Related Work & Insights¶
- vs LaRender: Also utilizes NeRF rendering, but LaRender is training-free/heuristic and loses global prompts by reusing cross-attention space. Ours uses learnable densities, showing that "learning" is far more stable than manual tuning in complex scenes (Occ. +0.18, O-mIoU +0.10).
- vs Eligen / Creatilayout: Also based on Flux/DiT but treats layouts as global 2D conditions. Ours adds a Z-axis and restricts attention to box regions, leading O-mIoU by 0.04~0.05. This demonstrates that "restructuring attention subspaces" is a more direct control mechanism than "adding conditions."

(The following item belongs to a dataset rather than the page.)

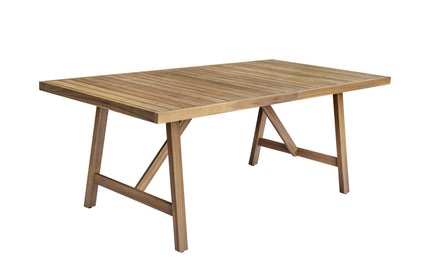 Tuintafel rechthoekig 200cm bruin acaciahout Valencia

- vs InstanceAssemble: In the complex subset, Ours leads by mIoU +0.033 and Occ. +0.081, suggesting explicit Z-order modeling provides more leverage than simply improving instance assembly.
- vs InstaOrder / COCOA: These provided Z-order/amodal labels for low-res closed-set vocabularies. SA-Z scales these ideas to SA-1B scale with open vocabularies, bringing "explicit occlusion" back into the focus of generative tasks.
Rating¶
- Novelty: ⭐⭐⭐⭐ Combining differentiable volume rendering + instance decoupling for explicit Z-order control is a clear new setting for layout-to-image, though individual modules (NeRF, LoRA, query-mask) are recombinations of existing components.
- Experimental Thoroughness: ⭐⭐⭐⭐ Covers three difficulty levels, real-world evaluation, 6 baselines, 9 metrics, and 4 ablation dimensions; lacks inference latency and robustness analysis against incorrect Z-orders.
- Writing Quality: ⭐⭐⭐⭐ Motivations, design, and formulas are clearly explained; figures are well-coordinated and symbols are consistent.
- Value: ⭐⭐⭐⭐ The SA-Z dataset and explicit Z-order framework are reusable infrastructure for controllable diffusion; this is the first systematic solution for the "amodal box + expected occlusion" pain point.